Oscar-nominated screenwriter, director, and actor Sarah Polley's Run Towards the Danger explores memory and the dialogue between her past and her present.
These are the most dangerous stories of my life. The ones I have avoided, the ones I haven't told, the ones that have kept me awake on countless nights. As these stories found echoes in my adult life, and then went another, better way than they did in childhood, they became lighter and easier to carry.
Sarah Polley's decades of work as an actor, screenwriter, and director is celebrated for its honesty, complexity, and deep humanity. She brings all of those qualities along with her exquisite storytelling chops to these six essays. Each one captures a piece of Polley's life as she remembers it, while at the same time examining the fallibility of memory, the mutability of reality in the mind, and the possibility of experiencing the past anew, as the person you are now but were not then. As Polley writes, the past and present are in a "reciprocal pressure dance."
Polley contemplates stories from her own life ranging from stage fright to high risk childbirth to endangerment and more.
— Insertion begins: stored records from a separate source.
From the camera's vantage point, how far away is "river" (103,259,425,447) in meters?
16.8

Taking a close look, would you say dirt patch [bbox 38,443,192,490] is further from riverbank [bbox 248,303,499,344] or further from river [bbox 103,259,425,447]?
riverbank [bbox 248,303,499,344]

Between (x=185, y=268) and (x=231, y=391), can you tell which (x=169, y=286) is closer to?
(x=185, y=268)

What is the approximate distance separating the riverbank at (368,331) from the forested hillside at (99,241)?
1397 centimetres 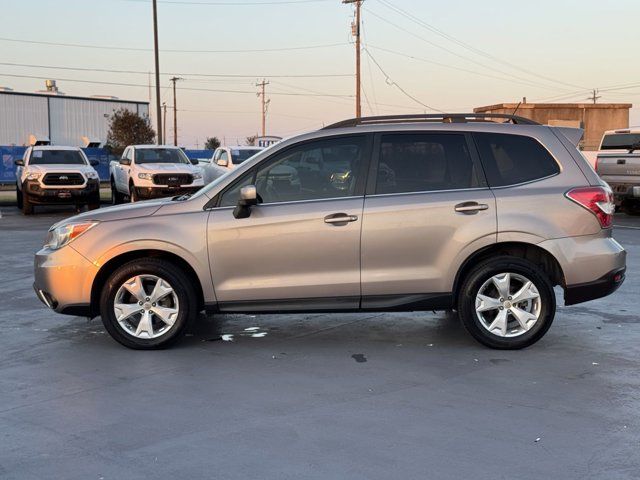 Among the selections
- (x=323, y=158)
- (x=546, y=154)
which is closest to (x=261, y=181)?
(x=323, y=158)

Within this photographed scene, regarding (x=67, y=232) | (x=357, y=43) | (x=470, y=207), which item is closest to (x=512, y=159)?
(x=470, y=207)

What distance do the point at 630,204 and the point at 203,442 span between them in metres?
18.0

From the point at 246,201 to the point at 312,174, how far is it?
2.01ft

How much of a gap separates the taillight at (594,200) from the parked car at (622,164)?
12802 mm

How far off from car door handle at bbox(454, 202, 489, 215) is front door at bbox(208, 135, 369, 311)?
78 centimetres

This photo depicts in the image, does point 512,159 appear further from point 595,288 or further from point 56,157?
point 56,157

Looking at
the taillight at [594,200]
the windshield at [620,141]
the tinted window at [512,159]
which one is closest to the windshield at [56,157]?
the windshield at [620,141]

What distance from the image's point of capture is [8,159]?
4056cm

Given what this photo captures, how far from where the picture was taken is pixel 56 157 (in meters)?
22.3

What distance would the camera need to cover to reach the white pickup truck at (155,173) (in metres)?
22.0

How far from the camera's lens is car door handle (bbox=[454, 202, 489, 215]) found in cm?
614

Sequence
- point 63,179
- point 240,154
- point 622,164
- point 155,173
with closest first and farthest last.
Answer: point 622,164 → point 63,179 → point 155,173 → point 240,154

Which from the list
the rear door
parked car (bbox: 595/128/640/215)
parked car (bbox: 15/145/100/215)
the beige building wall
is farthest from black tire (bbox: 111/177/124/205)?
the beige building wall

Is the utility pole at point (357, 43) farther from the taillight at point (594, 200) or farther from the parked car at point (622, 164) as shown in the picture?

She beautifully captures her experiences, and in so doing, she finds a path forward, a way through. After a head injury, Polley struggled for years in a concussion induced-fog until she met a specialist who gave her wholly new advice: to recover from a traumatic injury, she had to retrain her mind to strength by charging towards the very activities which triggered her symptoms. Rather than live in a protective crouch, she had to run towards the danger.
In this extraordinary book, Sarah Polley explores what it is to live in one's body, in a constant state of becoming, learning, and changing.
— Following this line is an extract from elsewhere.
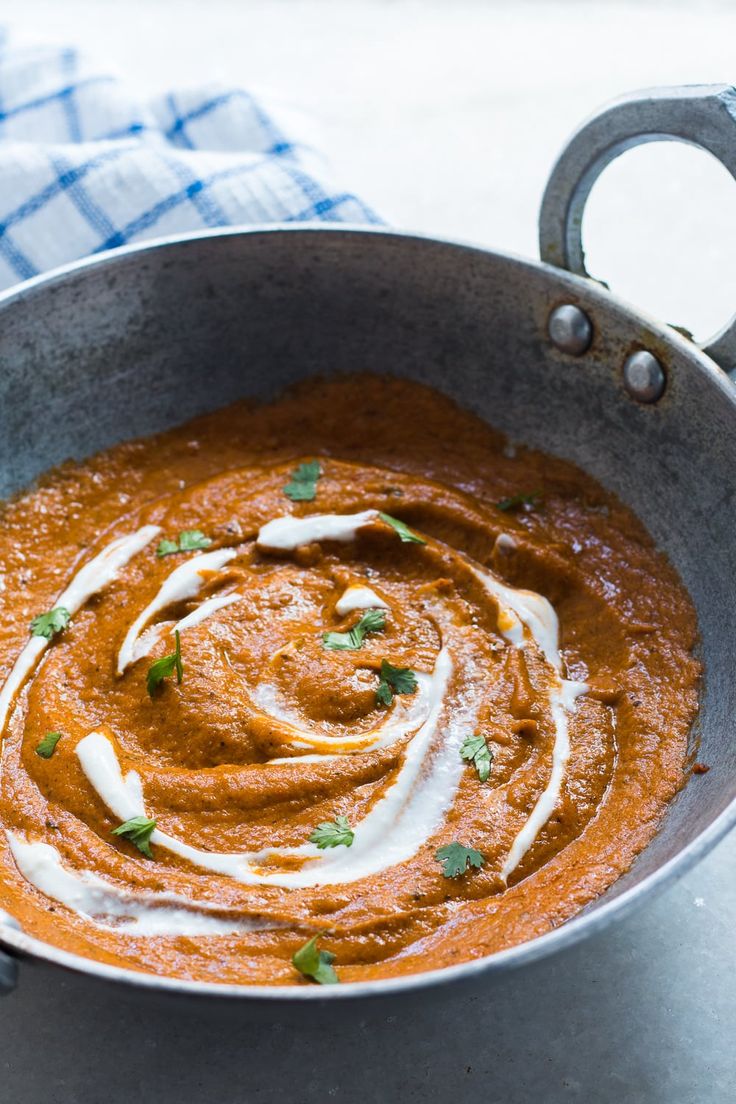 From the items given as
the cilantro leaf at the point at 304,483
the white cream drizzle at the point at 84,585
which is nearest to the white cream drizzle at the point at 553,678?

SARAH POLLEY is an Academy Award-nominated screenwriter, director, and actor. After making short films, Polley made her feature-length directorial debut with the drama film Away from Her in 2006. Polley received an Oscar nomination for the screenplay, which she adapted from the Alice Munro story “The Bear Came Over the Mountain.” Her other projects include the documentary film Stories We Tell (2012), which won the New York Film Critics Circle prize and the National Board of Review award for best documentary; the miniseries adaptation of Margaret Atwood’s novel Alias Grace (2017); and the romantic comedy Take This Waltz (2011). Polley began her acting career as a child, starring in many productions for film and television.